Lymphocyte Subset Analysis and Glycosylphosphatidylinositol Phenotype in Patients With Paroxysmal Nocturnal Hemoglobinuria

PAROXYSMAL NOCTURNAL hemoglobinuria (PNH) is an acquired hematopoietic stem cell disorder in which a somatic mutation of the X-linked PIG-A gene results in a partial or absolute deficiency of all proteins linked to the cell membrane by the glycosylphosphatidylinositol (GPI) anchor.1-6 Most, if not all, patients with PNH have evidence of underlying bone marrow failure. In addition, up to 50% of patients with aplastic anemia go on to develop a PNH clone. Thus, there is a very close association between aplastic anemia and PNH. The successful use of immunosuppressive therapy such as antithymocyte globulin (ATG) for the treatment and control of aplastic anemia provides strong evidence that there may be an immunological component to the disease, and it appears that this promotes the development of PNH clones.7,8 The most profound clinical feature of PNH is a hemolytic anemia due to a deficiency from the red blood cell (RBC) membrane of the complement regulatory molecules CD55 (decay accelerating factor [DAF]) and CD59 (membrane inhibitor of reactive lysis [MIRL]). This pathobiological property renders erythrocytes abnormally sensitive to the lytic action of complement and was exploited as the basis for the acidified serum lysis (Ham) test for the diagnosis of PNH.9-12 This test has now largely been superseded by flow cytometry as the standard diagnostic test for PNH.13,14 The use of flow cytometry and specific combinations of monoclonal antibodies has enhanced the ability to detect small PNH clones within multiple hematopoietic cell lineages. Consequently, this has led to reclassifying PNH into two types: (1) hemolytic PNH, characterized by overt episodes of hemolytic anemia, and (2) hypoplastic PNH in which clones of GPI-deficient hematopoietic cells are detectable with no overt hemolysis but may have other symptoms such as aplastic anemia, leukopenia, or thrombocytopenia.
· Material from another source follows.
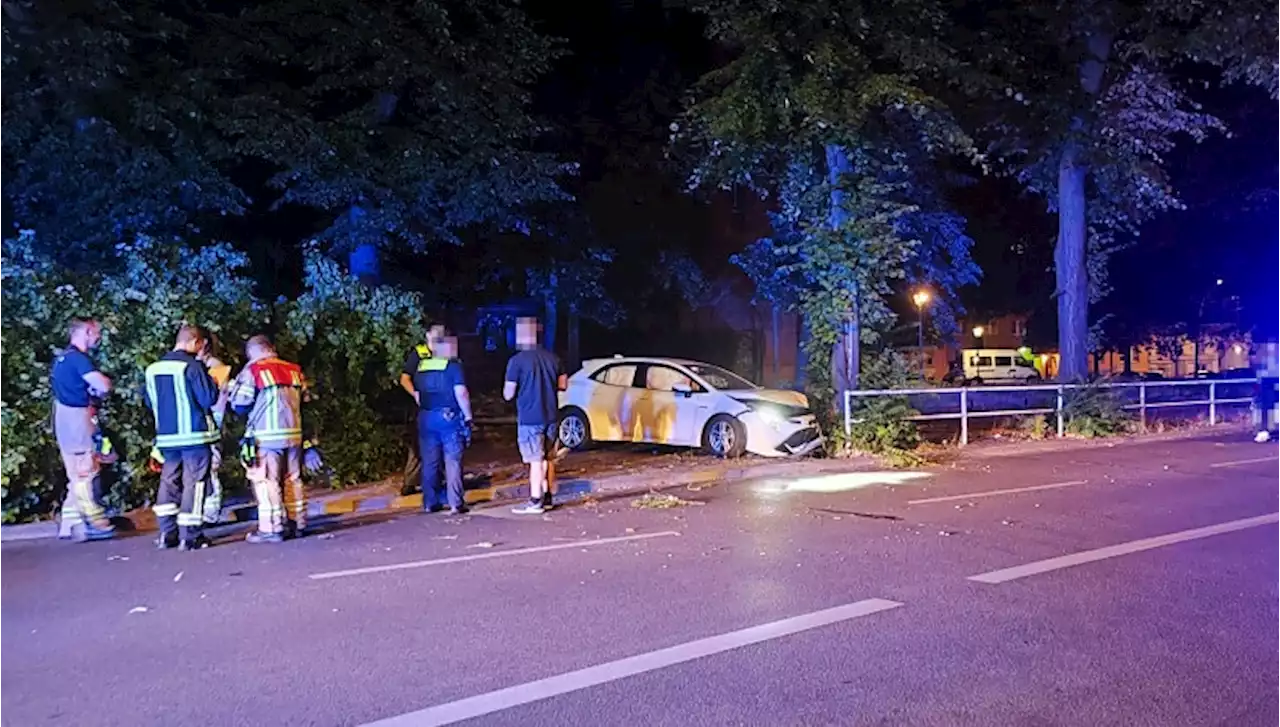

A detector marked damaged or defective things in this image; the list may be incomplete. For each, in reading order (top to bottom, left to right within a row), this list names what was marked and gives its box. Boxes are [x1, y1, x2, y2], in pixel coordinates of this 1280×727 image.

damaged white car [558, 355, 819, 458]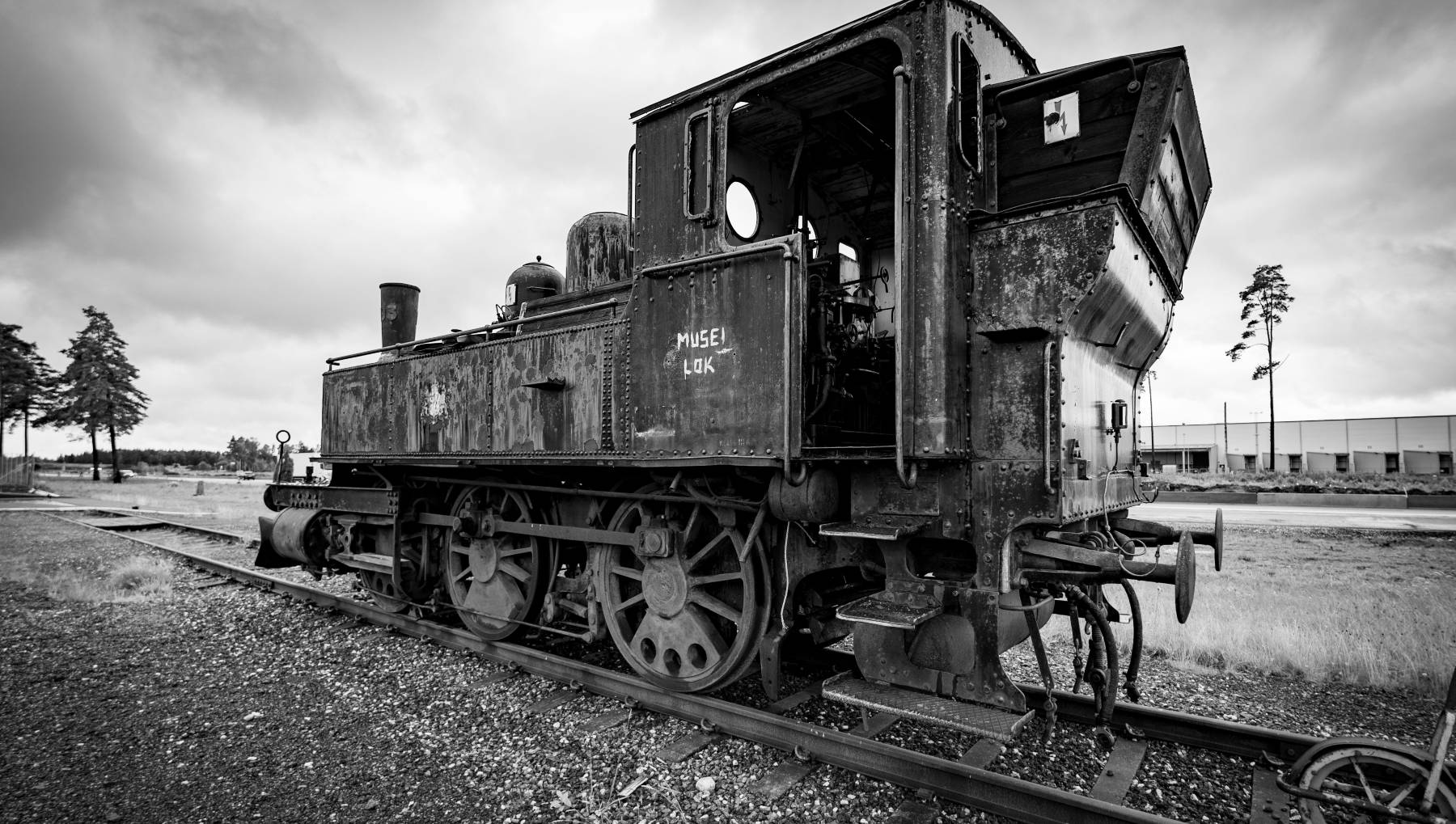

In PNH the presence of GPI-deficient clones within the platelet, monocyte, and granulocyte components of the myeloid lineage is well documented, and a small number of investigators have also unequivocally described PNH clones within peripheral blood lymphocyte populations.13,15-20 Indeed, GPI-deficient T-lymphocyte populations have been described in two patients in long-term clinical remission for PNH with no detectable granulocyte or red cell clones.21,22 Evidence for the presence of cells derived from the PNH clone within the natural killer (NK) cell lineage is less clear, mainly due to the fact that there is no single pan–NK-cell antigen analogous to CD3 and CD19 that defines T- and B-lymphocyte populations, respectively. The majority of NK cells can be identified phenotypically on a multiparameter basis by concomitant expression of CD16 and CD56 membrane determinants with a lack of CD3 or by a CD3⁻CD7⁺ composite phenotype.23,24 To identify precisely PNH clones within the NK-cell population, three-color flow cytometry is a minimum requirement.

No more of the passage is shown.